[Start of Attachment]
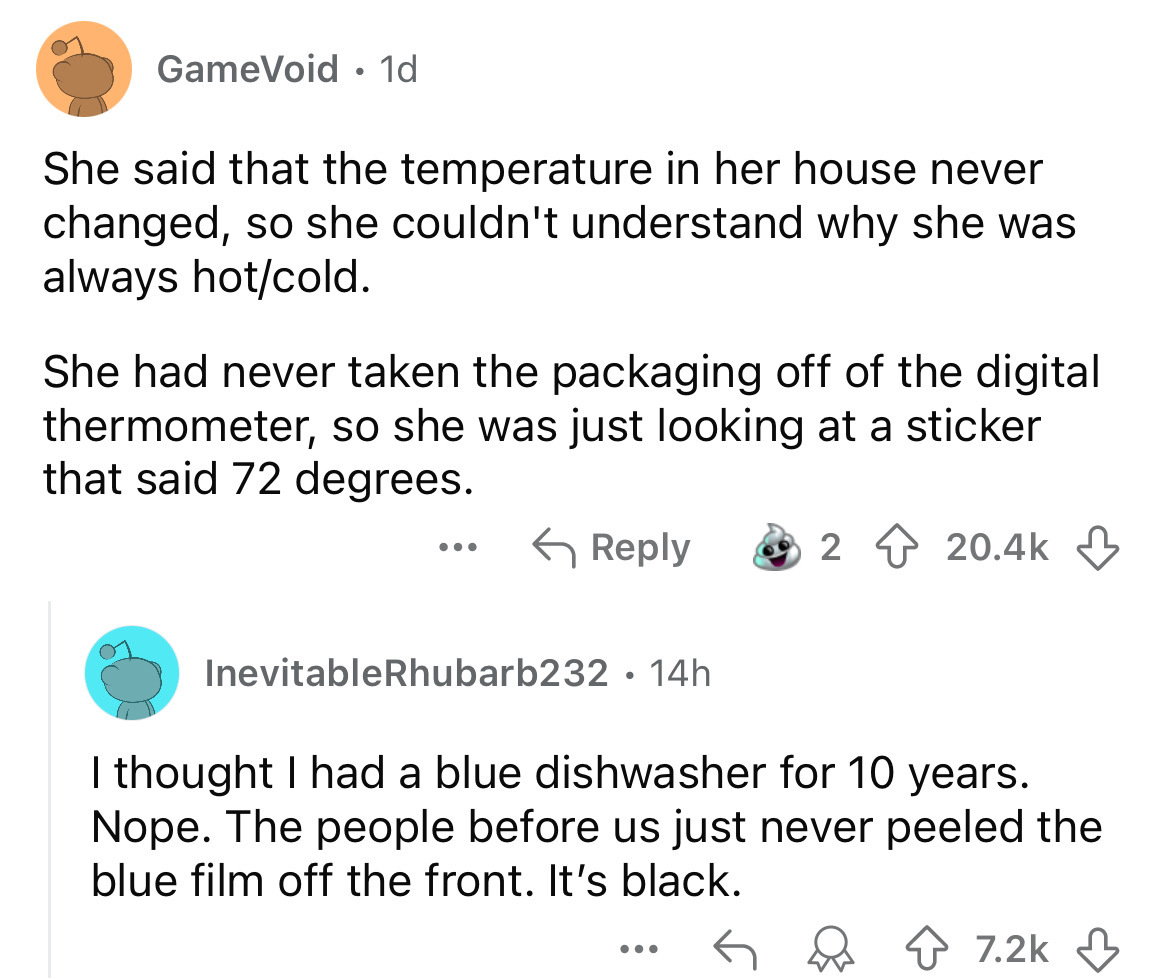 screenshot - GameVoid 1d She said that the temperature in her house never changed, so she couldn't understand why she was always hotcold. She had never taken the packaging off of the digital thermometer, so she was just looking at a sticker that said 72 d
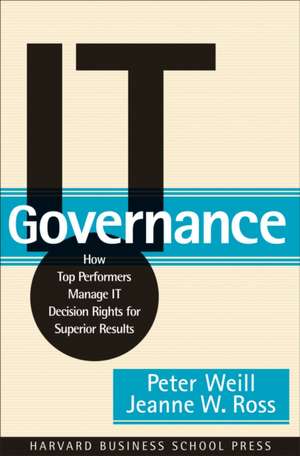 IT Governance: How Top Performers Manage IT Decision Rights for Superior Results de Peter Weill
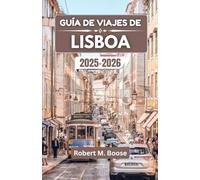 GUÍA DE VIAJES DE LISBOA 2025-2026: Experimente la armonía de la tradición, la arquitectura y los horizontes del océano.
[End of Attachment]
[Start of Attachment]
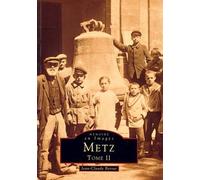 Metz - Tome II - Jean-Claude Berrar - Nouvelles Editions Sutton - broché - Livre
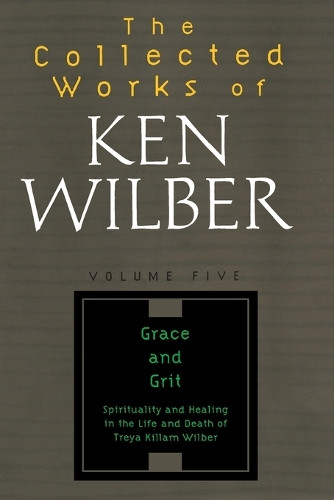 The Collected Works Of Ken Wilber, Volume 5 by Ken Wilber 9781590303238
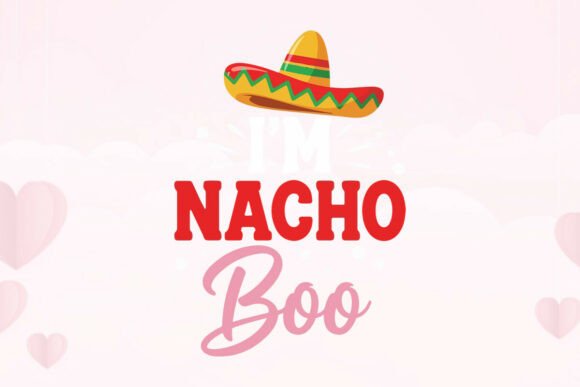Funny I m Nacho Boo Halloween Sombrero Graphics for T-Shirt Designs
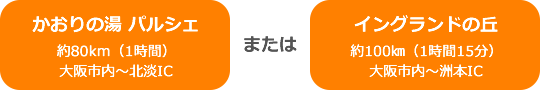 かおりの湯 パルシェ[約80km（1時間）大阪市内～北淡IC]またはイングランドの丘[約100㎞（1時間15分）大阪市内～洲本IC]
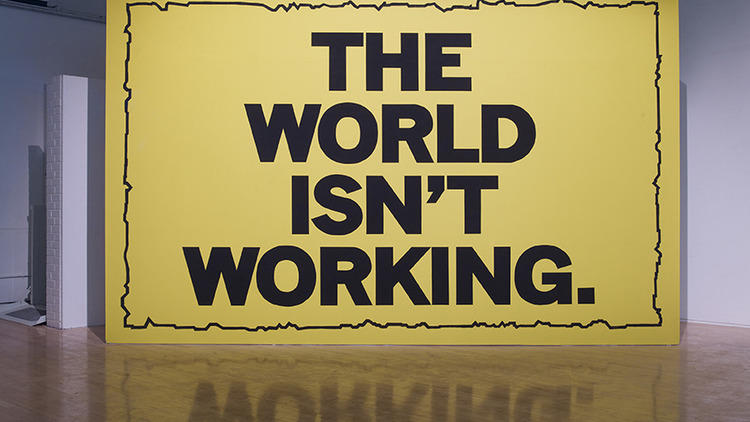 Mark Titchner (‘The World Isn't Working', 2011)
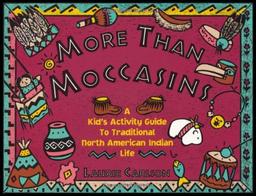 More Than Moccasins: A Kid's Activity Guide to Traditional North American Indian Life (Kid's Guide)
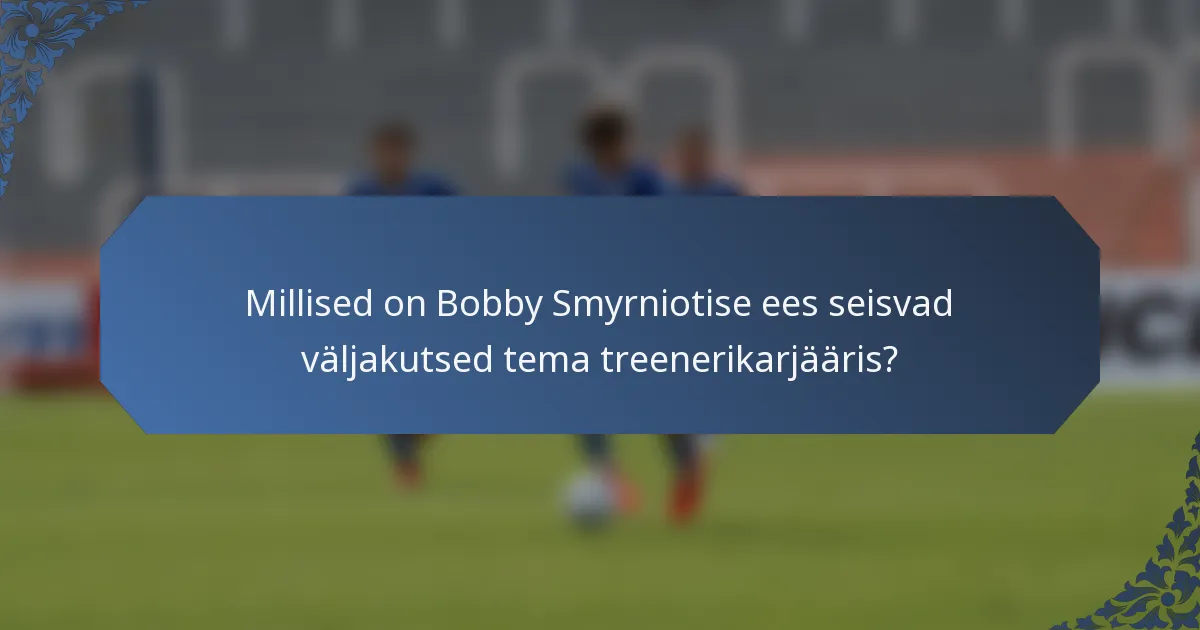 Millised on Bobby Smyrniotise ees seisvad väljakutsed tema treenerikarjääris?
[End of Attachment]
[Start of Attachment]
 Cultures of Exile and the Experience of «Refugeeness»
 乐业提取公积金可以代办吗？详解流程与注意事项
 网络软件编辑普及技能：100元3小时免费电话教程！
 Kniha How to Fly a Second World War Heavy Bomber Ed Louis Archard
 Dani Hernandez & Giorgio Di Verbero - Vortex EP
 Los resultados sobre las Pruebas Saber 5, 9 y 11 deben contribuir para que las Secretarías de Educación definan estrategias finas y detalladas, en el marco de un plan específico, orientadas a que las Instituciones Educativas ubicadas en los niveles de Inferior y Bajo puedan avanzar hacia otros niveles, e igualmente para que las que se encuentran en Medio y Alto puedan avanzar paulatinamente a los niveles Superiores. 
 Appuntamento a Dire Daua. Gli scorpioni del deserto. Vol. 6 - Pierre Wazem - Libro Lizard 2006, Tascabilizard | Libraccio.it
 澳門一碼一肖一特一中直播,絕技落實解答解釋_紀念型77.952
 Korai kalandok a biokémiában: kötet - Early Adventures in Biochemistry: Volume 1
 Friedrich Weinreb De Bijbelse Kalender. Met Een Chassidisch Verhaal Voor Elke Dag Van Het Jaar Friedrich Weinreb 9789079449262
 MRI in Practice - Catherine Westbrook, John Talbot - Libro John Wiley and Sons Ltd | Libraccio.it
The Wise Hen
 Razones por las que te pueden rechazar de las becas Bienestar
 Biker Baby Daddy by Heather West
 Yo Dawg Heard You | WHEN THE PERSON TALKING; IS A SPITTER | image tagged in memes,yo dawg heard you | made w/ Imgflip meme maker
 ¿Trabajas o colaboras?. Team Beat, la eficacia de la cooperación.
[End of Attachment]
**Task requirements**.
Only one part of the material above is wanted: the lines from the one with "Metz - Tome" up to and including the one with "Millised on Bobby". Please copy them exactly, pictures left out.

**Response to the exercise**.
 Metz - Tome II - Jean-Claude Berrar - Nouvelles Editions Sutton - broché - Livre
 The Collected Works Of Ken Wilber, Volume 5 by Ken Wilber 9781590303238
Funny I m Nacho Boo Halloween Sombrero Graphics for T-Shirt Designs
 かおりの湯 パルシェ[約80km（1時間）大阪市内～北淡IC]またはイングランドの丘[約100㎞（1時間15分）大阪市内～洲本IC]
 Mark Titchner (‘The World Isn't Working', 2011)
 More Than Moccasins: A Kid's Activity Guide to Traditional North American Indian Life (Kid's Guide)
 Millised on Bobby Smyrniotise ees seisvad väljakutsed tema treenerikarjääris?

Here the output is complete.